[Stored items from a collection]

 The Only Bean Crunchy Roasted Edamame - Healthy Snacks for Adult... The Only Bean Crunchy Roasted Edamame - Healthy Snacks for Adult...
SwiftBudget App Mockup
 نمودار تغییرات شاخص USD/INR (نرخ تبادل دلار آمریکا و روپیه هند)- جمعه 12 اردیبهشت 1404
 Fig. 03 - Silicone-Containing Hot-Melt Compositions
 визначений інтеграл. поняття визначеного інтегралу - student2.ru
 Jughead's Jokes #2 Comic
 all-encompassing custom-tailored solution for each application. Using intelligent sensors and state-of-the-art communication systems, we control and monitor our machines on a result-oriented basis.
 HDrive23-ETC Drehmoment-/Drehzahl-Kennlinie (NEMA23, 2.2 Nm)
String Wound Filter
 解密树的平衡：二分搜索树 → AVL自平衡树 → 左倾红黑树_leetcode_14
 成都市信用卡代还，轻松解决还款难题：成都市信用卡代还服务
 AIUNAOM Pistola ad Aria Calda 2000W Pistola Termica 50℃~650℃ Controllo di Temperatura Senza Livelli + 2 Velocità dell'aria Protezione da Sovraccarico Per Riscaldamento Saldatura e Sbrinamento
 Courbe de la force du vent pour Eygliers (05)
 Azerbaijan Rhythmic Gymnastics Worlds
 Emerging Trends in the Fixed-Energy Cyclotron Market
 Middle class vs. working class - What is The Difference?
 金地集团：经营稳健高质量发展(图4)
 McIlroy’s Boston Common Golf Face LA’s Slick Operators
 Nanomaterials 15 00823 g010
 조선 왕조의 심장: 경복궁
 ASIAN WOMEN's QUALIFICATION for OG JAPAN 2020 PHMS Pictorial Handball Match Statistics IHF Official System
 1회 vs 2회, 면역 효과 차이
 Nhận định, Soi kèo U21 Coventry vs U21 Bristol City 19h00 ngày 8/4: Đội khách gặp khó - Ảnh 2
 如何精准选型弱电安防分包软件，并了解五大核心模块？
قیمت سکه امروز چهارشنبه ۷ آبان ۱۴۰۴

Exercise goal » Your answer should be every entry above, repeated exactly.

Result of the exercise »
 The Only Bean Crunchy Roasted Edamame - Healthy Snacks for Adult... The Only Bean Crunchy Roasted Edamame - Healthy Snacks for Adult...
SwiftBudget App Mockup
 نمودار تغییرات شاخص USD/INR (نرخ تبادل دلار آمریکا و روپیه هند)- جمعه 12 اردیبهشت 1404
 Fig. 03 - Silicone-Containing Hot-Melt Compositions
 визначений інтеграл. поняття визначеного інтегралу - student2.ru
 Jughead's Jokes #2 Comic
 all-encompassing custom-tailored solution for each application. Using intelligent sensors and state-of-the-art communication systems, we control and monitor our machines on a result-oriented basis.
 HDrive23-ETC Drehmoment-/Drehzahl-Kennlinie (NEMA23, 2.2 Nm)
String Wound Filter
 解密树的平衡：二分搜索树 → AVL自平衡树 → 左倾红黑树_leetcode_14
 成都市信用卡代还，轻松解决还款难题：成都市信用卡代还服务
 AIUNAOM Pistola ad Aria Calda 2000W Pistola Termica 50℃~650℃ Controllo di Temperatura Senza Livelli + 2 Velocità dell'aria Protezione da Sovraccarico Per Riscaldamento Saldatura e Sbrinamento
 Courbe de la force du vent pour Eygliers (05)
 Azerbaijan Rhythmic Gymnastics Worlds
 Emerging Trends in the Fixed-Energy Cyclotron Market
 Middle class vs. working class - What is The Difference?
 金地集团：经营稳健高质量发展(图4)
 McIlroy’s Boston Common Golf Face LA’s Slick Operators
 Nanomaterials 15 00823 g010
 조선 왕조의 심장: 경복궁
 ASIAN WOMEN's QUALIFICATION for OG JAPAN 2020 PHMS Pictorial Handball Match Statistics IHF Official System
 1회 vs 2회, 면역 효과 차이
 Nhận định, Soi kèo U21 Coventry vs U21 Bristol City 19h00 ngày 8/4: Đội khách gặp khó - Ảnh 2
 如何精准选型弱电安防分包软件，并了解五大核心模块？
قیمت سکه امروز چهارشنبه ۷ آبان ۱۴۰۴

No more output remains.